Do not create a wake in the no wake zone and you never have to worry about it. Just like the traffic lights. I never rush in a car getting someone 2 minutes earlier isn't worth the risk of an accident or ticket. The people who tend to slow down and take life as it comes will have no issues. If you breaking a law just because police aren't around doesnt mean you don't deserve a fine for doing so.

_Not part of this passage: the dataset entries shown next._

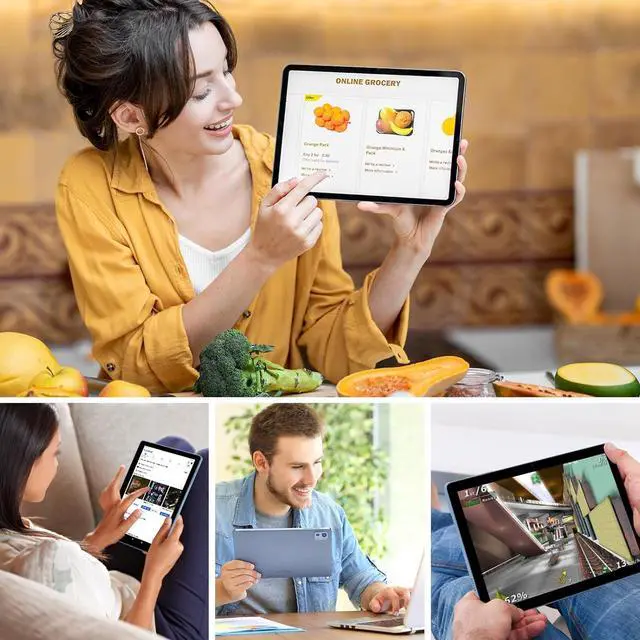 Alt view image 4 of 5 - FancyFish 10.1 inch Android 12 Tablet, Octa-Core CPU, 12(6+6) GB RAM+128GB ROM+1TB Expandable Computer Tablets PC, 1920 * 1200 FHD IPS Screen, 5+13MP Dual Camera, GMS Certified Tablet Light-Blue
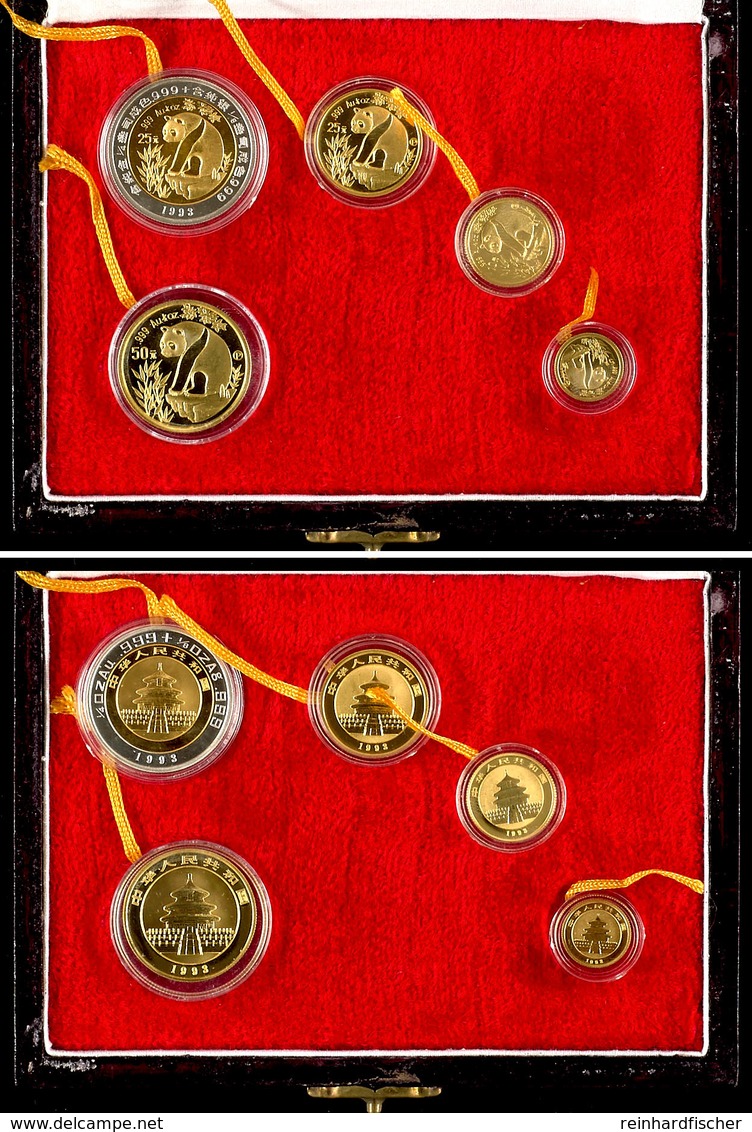 341 1993, Panda Set Zu 5, 10, 25, 50 Yuan Gold Sowie 25 Yuan (Bimetall). Mit Zertifikat In Ausgabeschatulle Und OVP. PP. - China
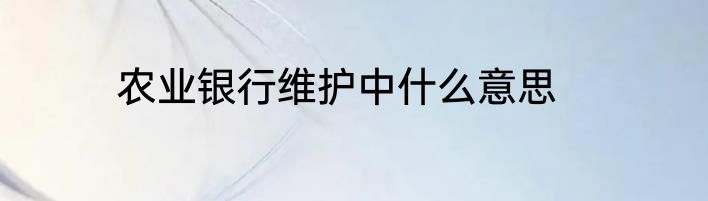 农业银行维护中什么意思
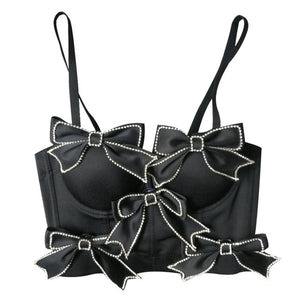 Sexy Bow Rhinestones Female Corset Nightclub Party Short Women Camis In Bra Cropped Crop Top Push Up Breast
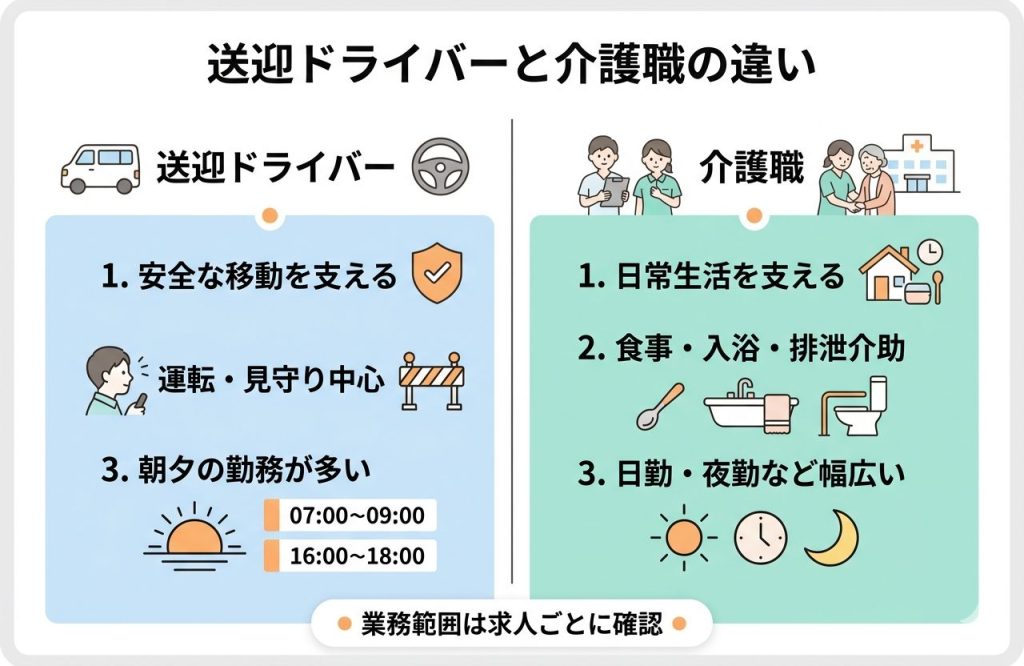 送迎ドライバーと介護職の役割の違いを比較した図解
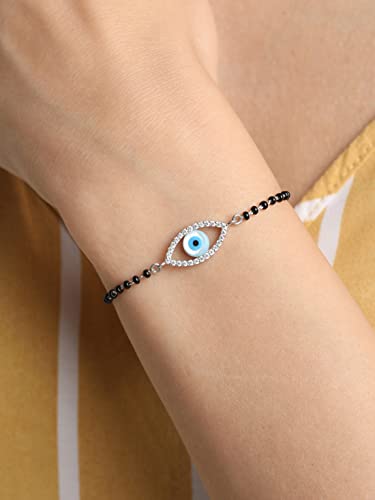 Clara Womens 925 Sterling Silver Evil Eye Halo Hand Mangalsutra Bracelet | Black Beads, Rhodium Plated | Gift For Wife - Image 4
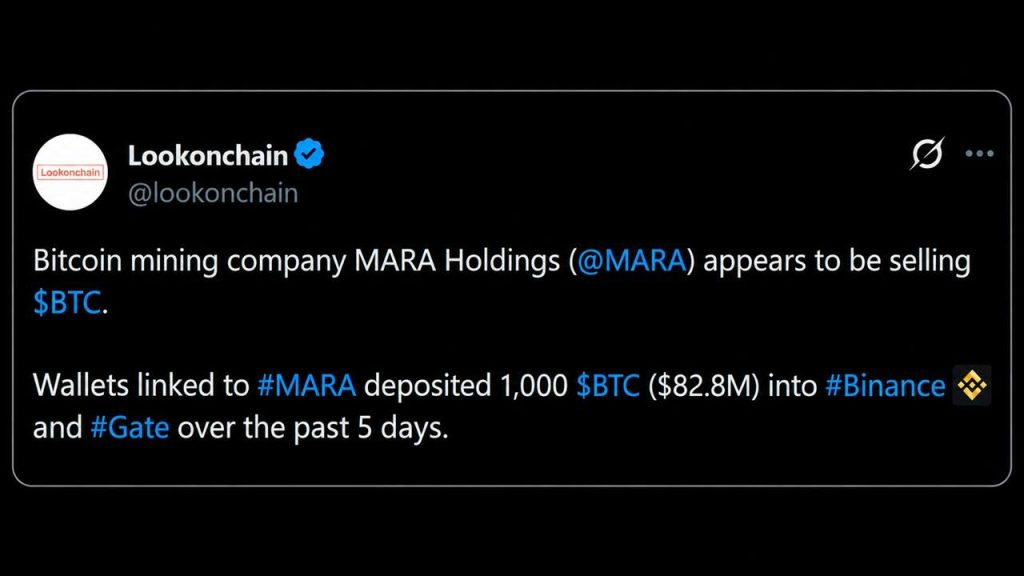 MARA Ships $83 Million in Bitcoin to Exchanges as Its Stock Sinks 45%
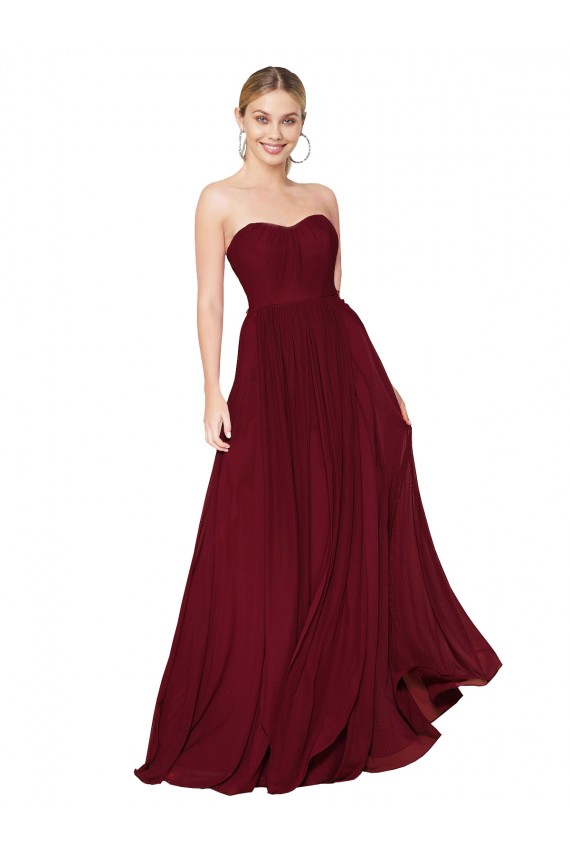 Purchase Draped Strapless Long A-Line Chiffon Prom Dress UK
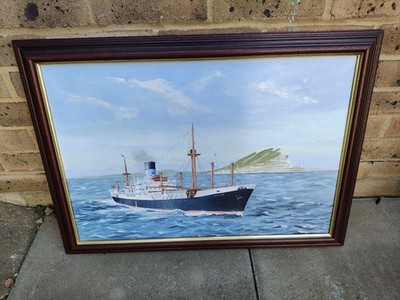 LES COWLE - BLUE FUNNEL CYCLOPS - ORIGINAL ÖL AUF LEINWAND GEMÄLDE SIGNIERT GERAHMT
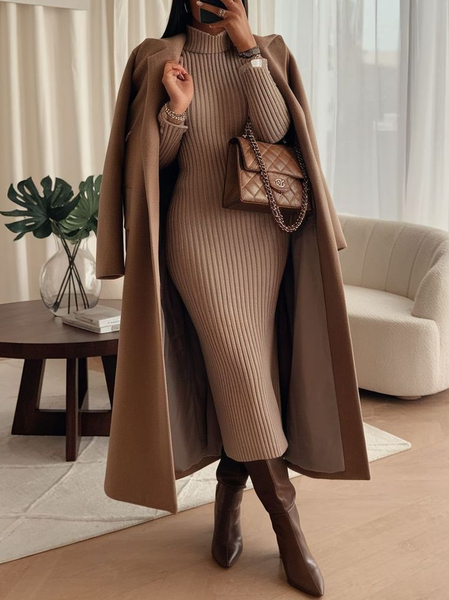 

Urban Plain Mock Neck Sweater Maxi Dress, Khaki, Midi Dresses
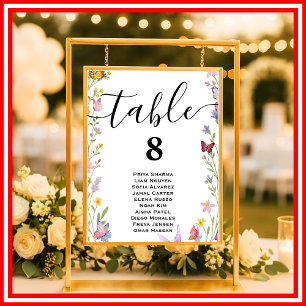Floral Boho Wildflower Wedding Table Seating Chart
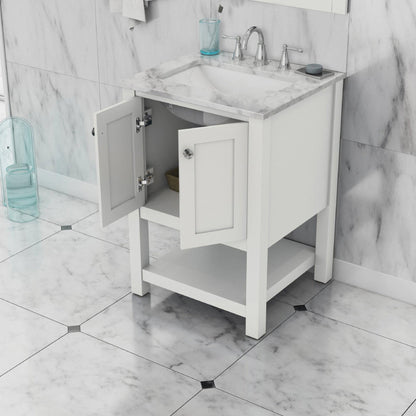 Alya Bath Wilmington 24" Single White Freestanding Single Bathroom Vanity With Carrara Marble Top, Ceramic Sink and Wall Mounted Mirror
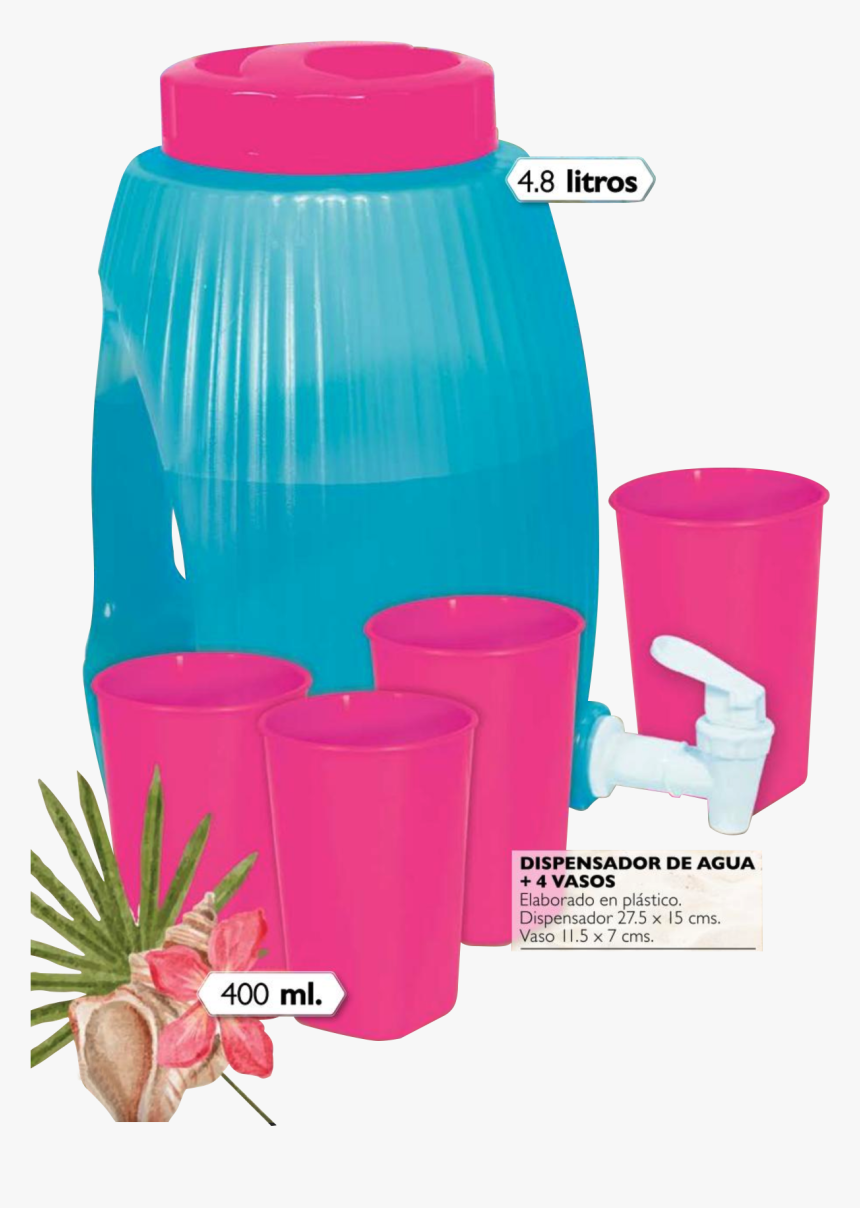 Kit Dispensador De Agua 4 Vasos, HD Png Download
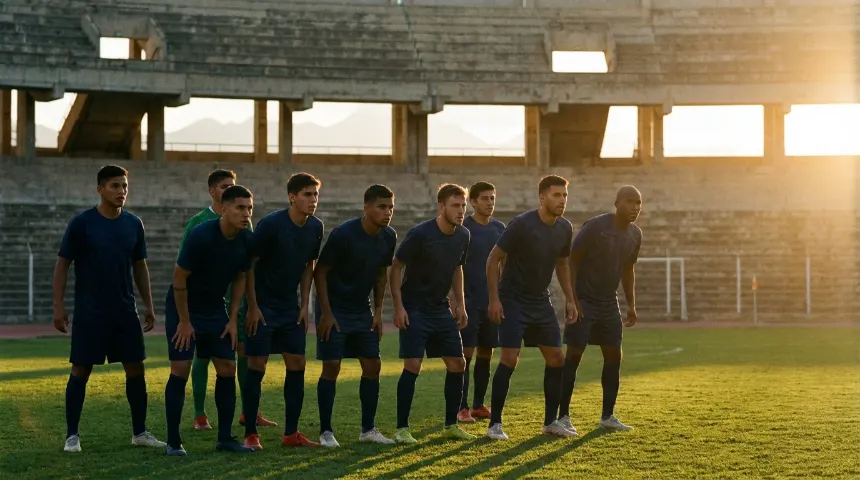 Jugadores de la selección ecuatoriana de fútbol en el campo de juego durante un partido de eliminatorias sudamericanas
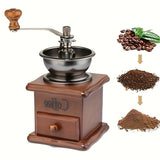 1pc, Vintage Manual Coffee Grinder, Burr Hand Crank Coffee Grinders, Wooden Vintage Style Hand Coffee Grinder, Classic Coffee Mill Hand Crank Coffee Grinders, Coffee French Press
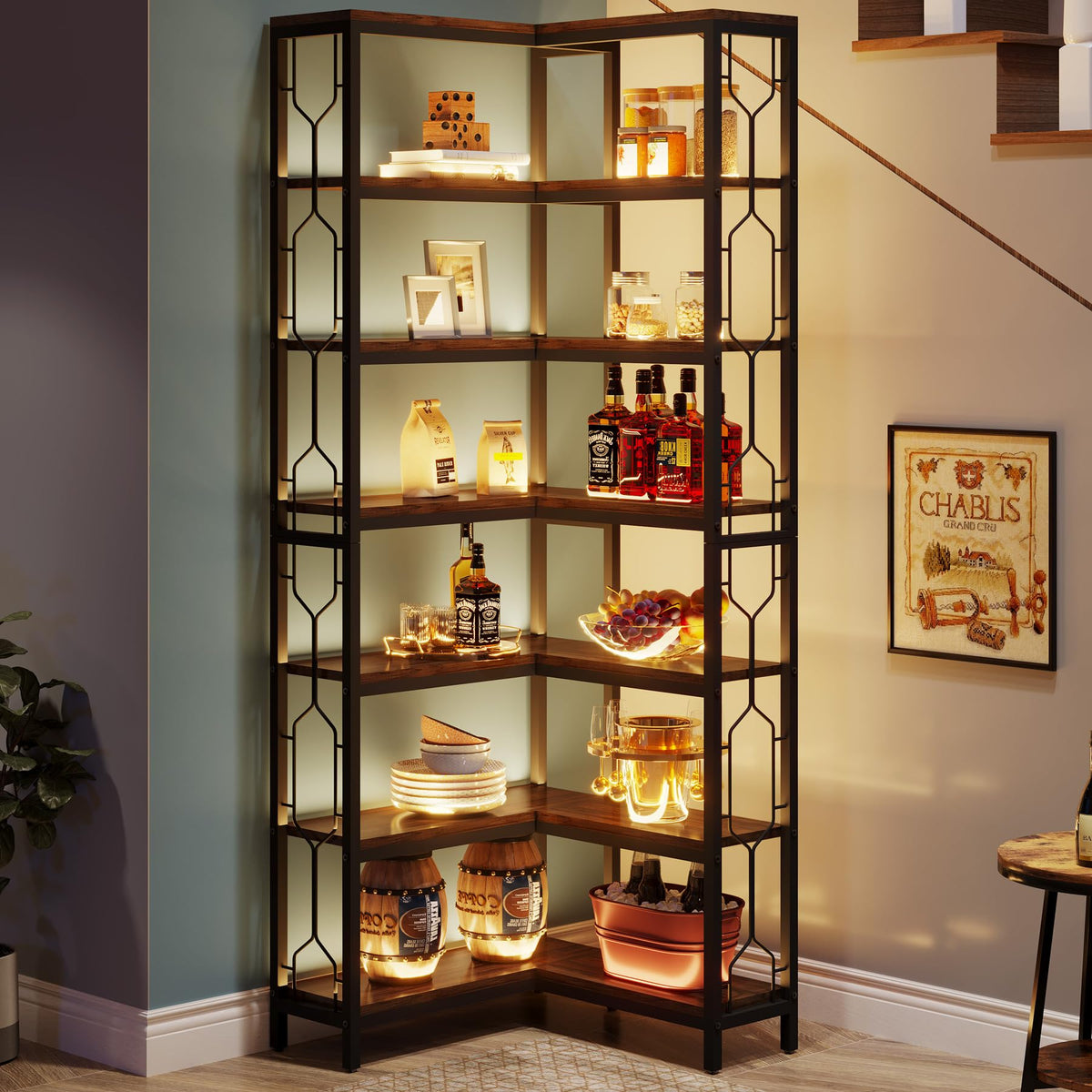 Tribesigns Corner Shelf, 7-Tier Industrial Corner Bookshelf and Bookcase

Posted using Outdoor Hub Campfire


----------



## bigticket (Jun 24, 2009)

I usually hate the idea of photo enforcing anything. That being said, as a shore fisherman who CONSTANTLY has to jump back from the waves created by boaters ruining my fishing spot, I actually don't mind this idea. Seriously, you have a boat and an entire lake to do whatever you want on, why on Earth do you have to speed by 10 feet from the guy fishing from shore?


----------



## FISHGUY (Apr 8, 2004)

Bon3s said:


> Do not create a wake in the no wake zone and you never have to worry about it. Just like the traffic lights. I never rush in a car getting someone 2 minutes earlier isn't worth the risk of an accident or ticket. The people who tend to slow down and take life as it comes will have no issues. If you breaking a law just because police aren't around doesnt mean you don't deserve a fine for doing so.
> 
> 
> Posted using Outdoor Hub Campfire


Read the whole artical first i am for the no wake but nobody better have a beer or a alcolhol beverage in your hand or ouch!!!!!!!


----------



## Vince™ (Sep 20, 2011)

I see no problem with this. No wake means no wake. Do not operate a motor vehicle while impaired. What am I missing?


----------



## jonnythfisherteen2 (Mar 5, 2011)

you should really be more specific. whats rubbing you sideways with this? is it the fact that they are spending money on this?


----------



## backlashed (Mar 19, 2011)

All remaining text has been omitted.